Il procedimento è quello che ipotizza un’estorsione mafiosa commessa nel 2004, durante il periodo di latitanza, concluso 2 anni dopo a Marsiglia con la cattura della polizia. L’indagine, conclusa dal pubblico ministero Stefano Strino della Direzione distrettuale antimafia di Caltanissetta, è stata al centro di un altro processo a carico di alcuni uomini di fiducia del capomafia di Campobello di Licata, fra cui il favarese Vincenzo Parello e tre affiliati mafiosi del Nisseno: Maurizio Carruba, Alfredo Schillaci e Angelo Schillaci. L’accusa è quella di avere estorto 13 mila euro a un imprenditore favarese che stava facendo un investimento a Sutera, acquistando un impianto di bitume.

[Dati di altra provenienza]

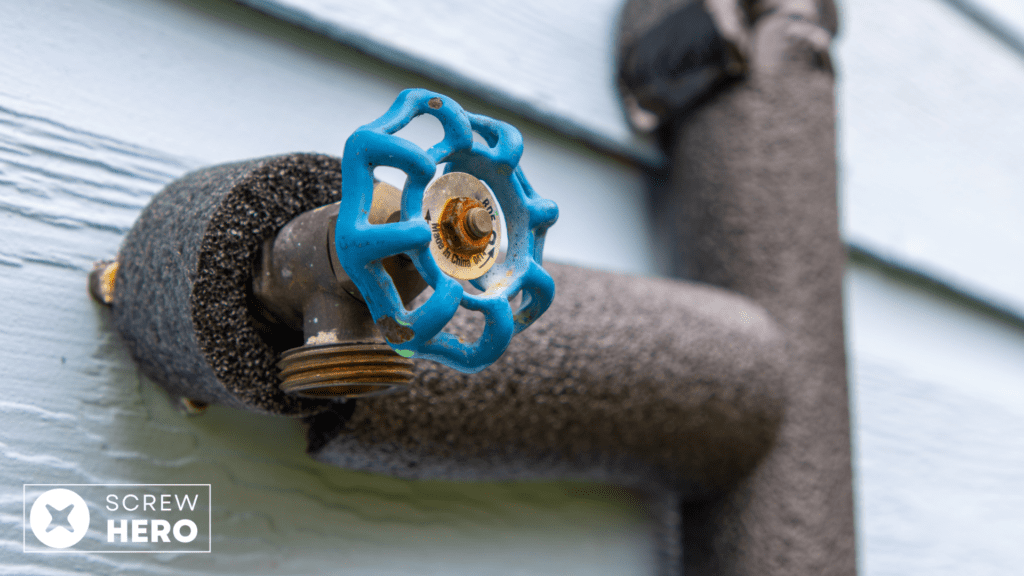 Homeowner insulating pipes to prevent burst pipes in UK winters.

La Dda nissena ipotizza che Falsone, in quanto all’epoca rappresentante provinciale di Cosa nostra, avrebbe dato mandato di contattare l’imprenditore e imporgli la tangente nell’ambito di un accordo fra le due province dato che la vittima era di Favara ma l’impianto si trovava in provincia di Caltanissetta.
L’udienza preliminare, davanti al gup di Caltanissetta Emanuela Carrabotta, è stata così rinviata per l’impossibilità, esplicitata via mail dalla casa circondariale, di consentire al detenuto il diritto di confrontarsi col suo legale. E non è l’unico problema difensivo che riguarda l’ex numero 2 di Cosa nostra in Sicilia, condannato nei mesi scorsi a 22 anni di carcere per l’accusa di avere continuato a gestire gli affari di Cosa nostra dal carcere attraverso il suo ex legale Angela Porcello, a sua volta arrestata e condannata. «Nei prossimi giorni - aggiunge l’avvocato Garascia - scadono i termini per l’appello e non è stato ancora possibile parlare col mio cliente per valutare e concordare il da farsi, si tratta di una chiara violazione del diritto di difesa».